I.NUMBER OF SHARES POSSESSED PRIOR TO MERGER AND PERCENTAGE SHARE IN SHARE CAPITAL (THE SAME FOR NUMBER OF VOTES):

– 12,801,654 shares.

– 50.14% share capital.

– 12,801,654 votes.

– 50.14% share in total number of votes,

2.CURRENT NUMBER OF SHARES AND ITS PERCENTAGE SHARE IN SHARE CAPITAL (THE SAME FOR NUMBER OF VOTES):

– 12,801,654 shares.

– 50.14% share capital.

– 12,801,654 votes.

– 50.14% share in total number of votes,

3.COMPANIES OF FERROVIAL CONSTRUCTION INTERNATIONAL SE THAT ARE IN POSSESSION OF COMPANY’S SHARES: none.

4.1NFORMATION ABOUT THIRD PARTY WITH WHICH THE SHAREHOLDER ENTERED INTO AN AGREEMENT ON THE TRANSFER OF RIGHT TO EXERCISE VOTING RIGHTS: none.

5.NUMBER OF VOTES FROM SHARES CALCULATED IN ACCORDANCE WITH ART 69b.2 OF THE POA TO ACQUISITION OF WHICH IS ENTITLED OR OBLIGED AS A HOLDER OF FINANCIAL INSTRUMENTS, REFERRED TO IN ART. 69b.1 p.l OF THE POA, AS WELL AS FINANCIAL INSTRUMENTS REFERRED TO IN ART. 69b1. p.2 THAT ARE NOT SETTLED IN CASH, TYPE OR NAME OF SUCH FINANCIAL INSTRUMENTS, DATE OF THEIR EXPIRY AND DATE OR DEADLINE BY WHICH THE ACQUISITION OF SHARES MAY OR WILL OCCUR: none.

6.NUMBER OF VOTES FROM SHARES, CALCULATED IN ACCORDANCE WITH ART. 69.b 3 OF THE POA, TO WHICH DIRECTLY OR INDIRECTLY THE FINANCIAL INSTRUMENTS REFERRED TO IN ART. 69b1 p.2 OF THE POA ARE REFERENCED, TYPE AND NAME OF THE FINANCIAL INSTRUMENTS AND A DATE OF THEIR EXPIRY: none.

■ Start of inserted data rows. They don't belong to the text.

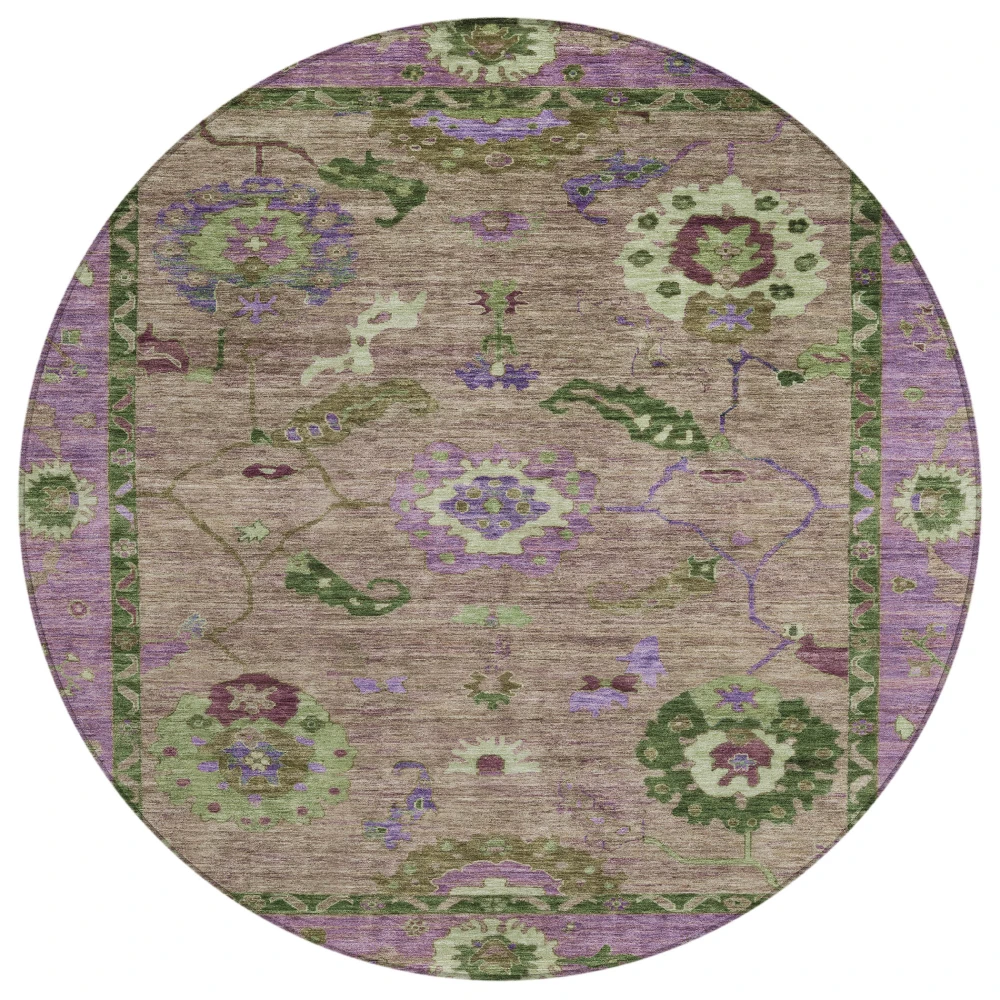Chantille ACN2230 Brown 8' x 8' Rug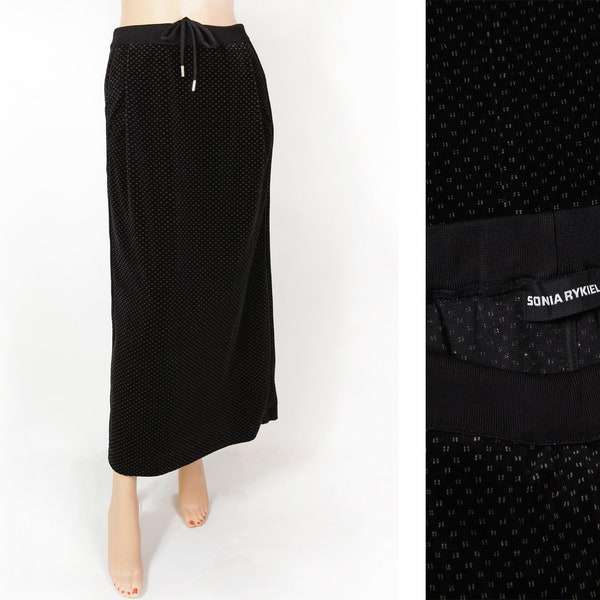 SONIA RYKIEL 2000s, Maxi velvet skirt, Size XS/Small.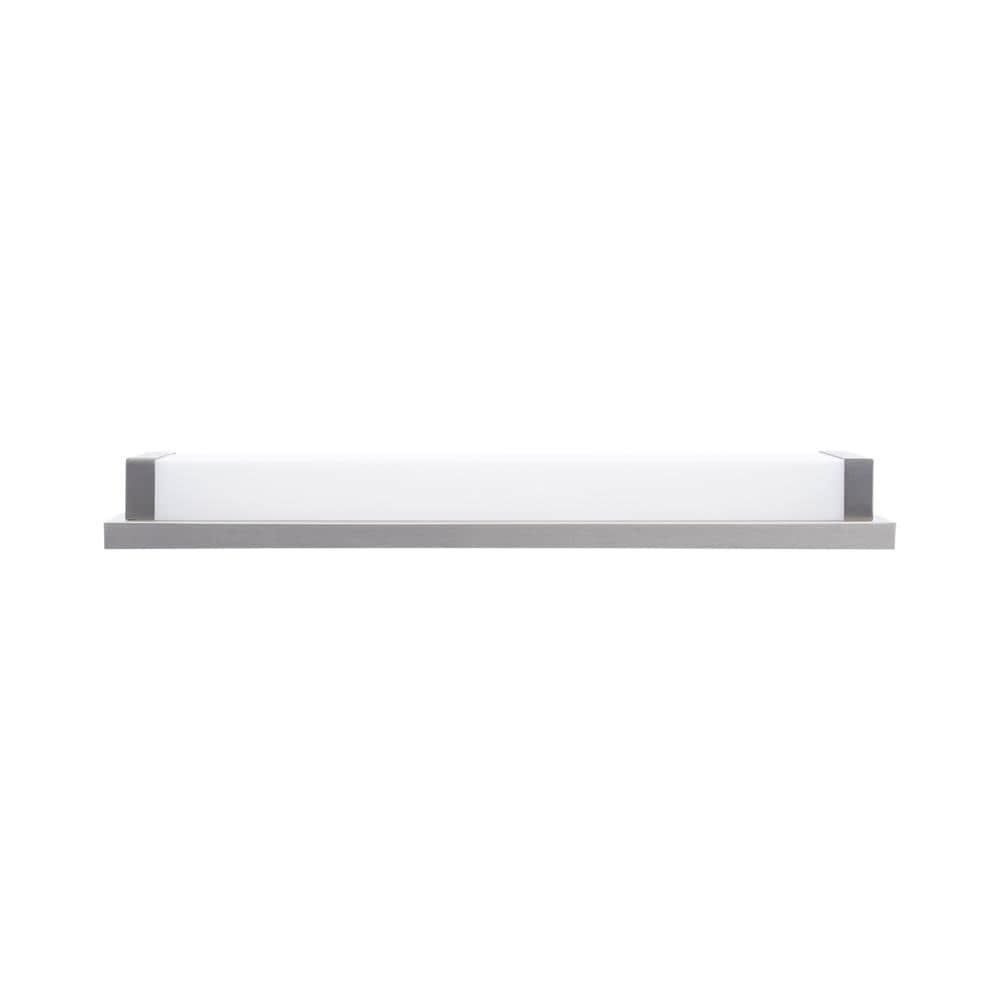 WAC Lighting Metro 20-in 1-Light Brushed Nickel LED Transitional Vanity ...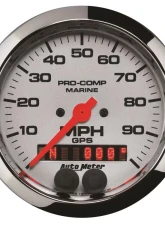 AutoMeter GAUGE; SPEEDOMETER; 3 3/8in.; 100MPH; GPS; MARINE CHROME                                     - 200636-35 - Image 3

7.TOTAL NUMBER OF VOTES ACCORDING TO POINT 2, 5 AND 6 AND ITS PERCENTAGE SHARE IN THE TOTAL NUMBER OF VOTES: before Merger, Ferrovial Construction International SE directly held the above-mentioned 12,801,654 votes constituting 50.14% share in total number of votes; and after the Merger, Ferrovial Construction International SE directly holds 12,801,654 votes constituting 50.14% share in the total numer of votes.